US officials announce nuclear fusion breakthrough

Scientists at Lawrence Livermore National Laboratory’s National Ignition Facility have made history by successfully producing a nuclear fusion reaction resulting in a net energy gain, a breakthrough hailed by US officials as a “landmark achievement” and a “milestone for the future of clean energy.”

Here are key things to know about today's announcement — and possible next steps:

What is nuclear fusion and why does it matter? Nuclear fusion is a man-made process that replicates the same energy that powers the sun. Nuclear fusion happens when two or more atoms are fused into one larger one, a process that generates a massive amount of energy as heat.

Scientists around the world have been studying nuclear fusion for decades, hoping to recreate it with a new source that provides limitless, carbon-free energy – without the nuclear waste created by current nuclear reactors. Fusion projects mainly use the elements deuterium and tritium – both of which are isotopes of hydrogen.

The deuterium from a glass of water, with a little tritium added, could power a house for a year. Tritium is rarer and more challenging to obtain, although it can be synthetically made.

“Unlike coal, you only need a small amount of hydrogen, and it is the most abundant thing found in the universe,” Julio Friedmann, chief scientist at Carbon Direct and a former chief energy technologist at Lawrence Livermore, told CNN. “Hydrogen is found in water so the stuff that generates this energy is wildly unlimited and it is clean.”

Why was today's announcement significant? This is the first time scientists have ever successfully produced this, instead of breaking even as past experiments have done.

While there’s many more steps until this can be commercially viable, it’s essential for scientists to show that they can create more energy than they started with. Otherwise, it doesn’t make much sense for it to be developed.

“This is very important because from an energy perspective, it can’t be an energy source if you’re not getting out more energy than you’re putting in,” Friedmann told CNN. “Prior breakthroughs have been important but it’s not the same thing as generating energy that could one day be used on a larger scale.”

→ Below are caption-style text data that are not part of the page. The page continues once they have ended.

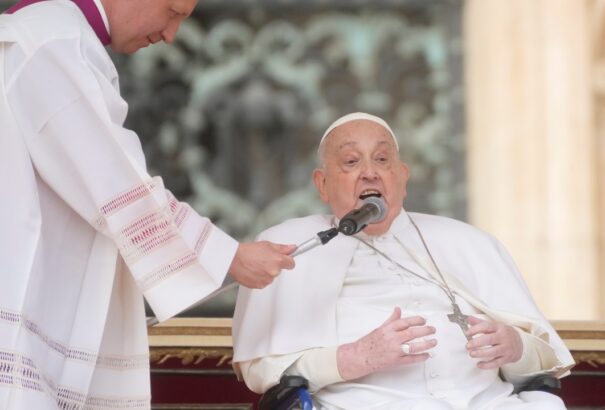 Ferenc pápa választást sürgetett a félelemmel és igazságtalansággal teli világban nagycsütörtöki beszédében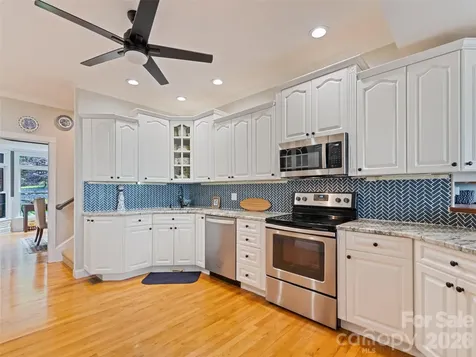 9 Perrion Avenue Weaverville NC 28787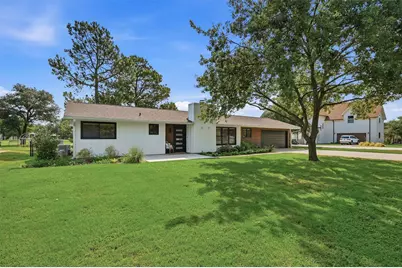 722 Kiowa Drive W, Lake Kiowa, TX 76240 - Photo 3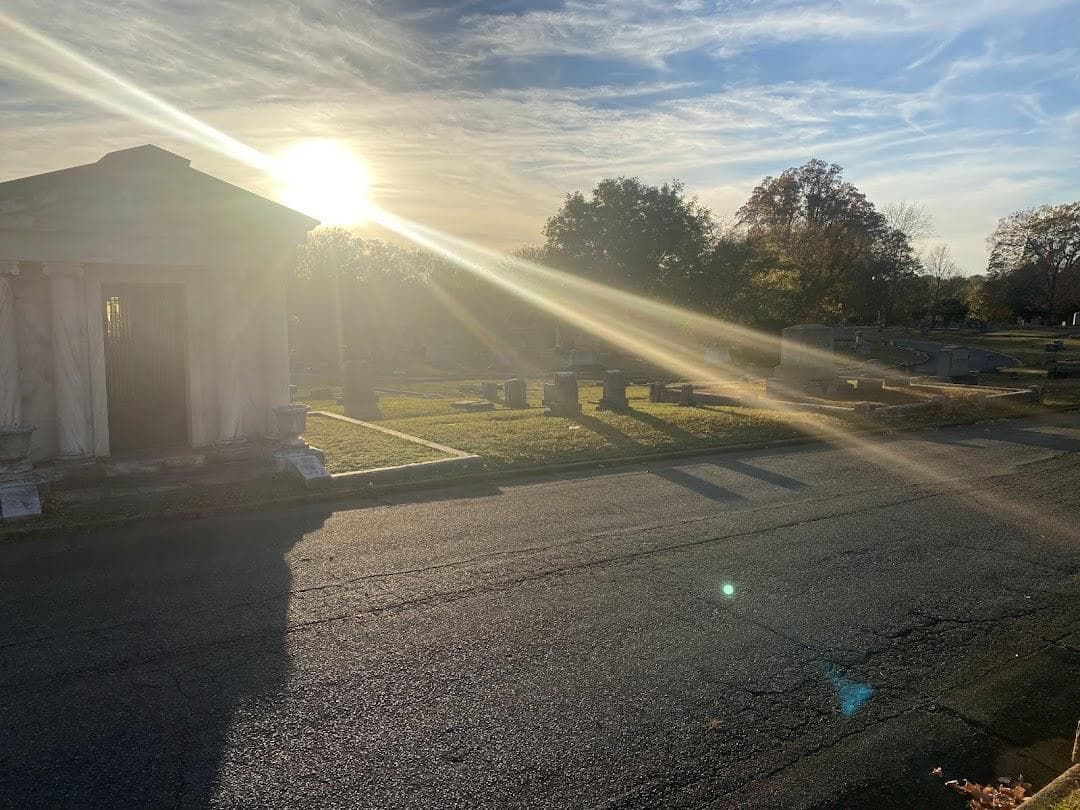 Historic Elmwood Pinewood Cemetery photo 6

What are the next steps? Scientists and experts now need to figure out how to produce much more energy from nuclear fusion on a much larger scale.

At the same time, they need to figure out how to eventually reduce the cost of nuclear fusion so that it can be used commercially.

Scientists will also need harvest the energy produced by fusion and transfer it to the power grid as electricity. It will take years – and possibly decades – before fusion can be able to produce unlimited amounts of clean energy, and scientists are on a race against the clock to fight climate change.

Secretary of Energy Jennifer Granholm said the history-making accomplishment in nuclear fusion that was announced on Tuesday "essentially unlocked a whole new source of clean energy." 

For the first time, US scientists produced more energy from fusion than the laser energy they used to power the experiment, resulting in a "net energy gain."

"More energy came out of these reactions than put into it," she explained about the breakthrough.

"If we could get this scale, this will be an amazing endeavor of ... achieving the goal of zero-carbon emission power," she said on CNN.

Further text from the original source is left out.